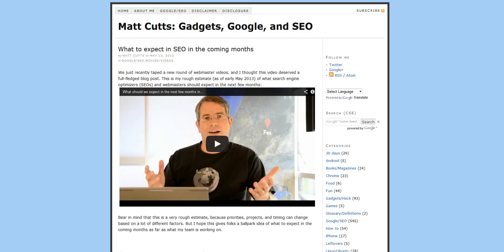If your business relies on a good ranking on Google, then you're going to want to know about the latest blog from Matt Cutts at the search quality team at Google, where he's talking about further changes to Google's algorithm and the way that it ranks websites.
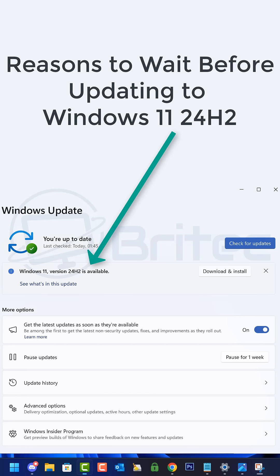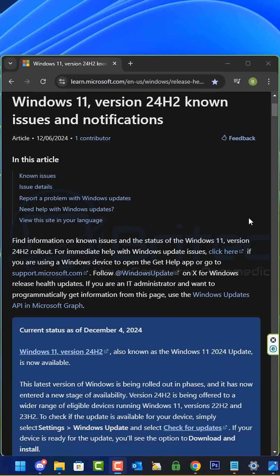Today I'm going to give you some reasons to wait before updating to Windows 11 24H2. Microsoft is pushing this out to more users because this has been on hold for quite some time because of the amount of issues.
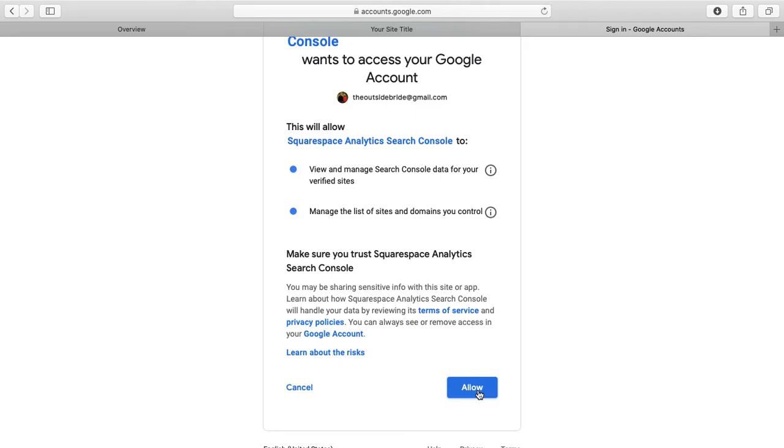That's as simple as it is. Give it a few days and you'll start to see the data come up on your Squarespace analytics. If you want to head into Google Search Console, type 'search console' into the Google search bar, and it will show up for you. Then you can start tracking your analytics there.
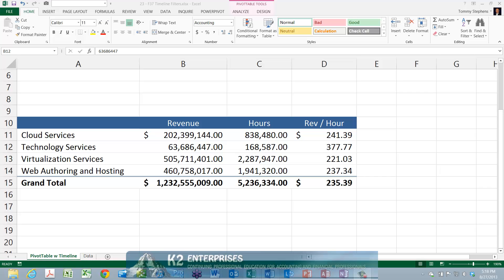If you use pivot tables to analyze transactional data, every record in your data set will likely have a date associated with it. Usually, we group dates in our pivot tables into months, quarters, and years for reporting and analysis.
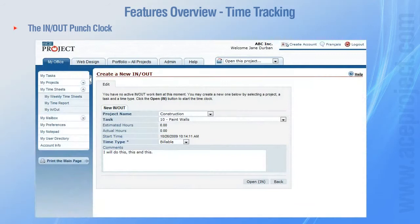The in-out punch clock is a time saver as it enables users to have their timesheets filled out much quicker. All you need to do is punch in when you start working on a task and punch out when you're finished. Hence, the elapsed time is recorded in your timesheet for the current week.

BRIEF. Exclude all images and return the listing word for word.

SOLUTION FOR THIS PROBLEM.
If your business relies on a good ranking on Google, then you're going to want to know about the latest blog from Matt Cutts at the search quality team at Google, where he's talking about further changes to Google's algorithm and the way that it ranks websites.
Today I'm going to give you some reasons to wait before updating to Windows 11 24H2. Microsoft is pushing this out to more users because this has been on hold for quite some time because of the amount of issues.
That's as simple as it is. Give it a few days and you'll start to see the data come up on your Squarespace analytics. If you want to head into Google Search Console, type 'search console' into the Google search bar, and it will show up for you. Then you can start tracking your analytics there.
If you use pivot tables to analyze transactional data, every record in your data set will likely have a date associated with it. Usually, we group dates in our pivot tables into months, quarters, and years for reporting and analysis.
The in-out punch clock is a time saver as it enables users to have their timesheets filled out much quicker. All you need to do is punch in when you start working on a task and punch out when you're finished. Hence, the elapsed time is recorded in your timesheet for the current week.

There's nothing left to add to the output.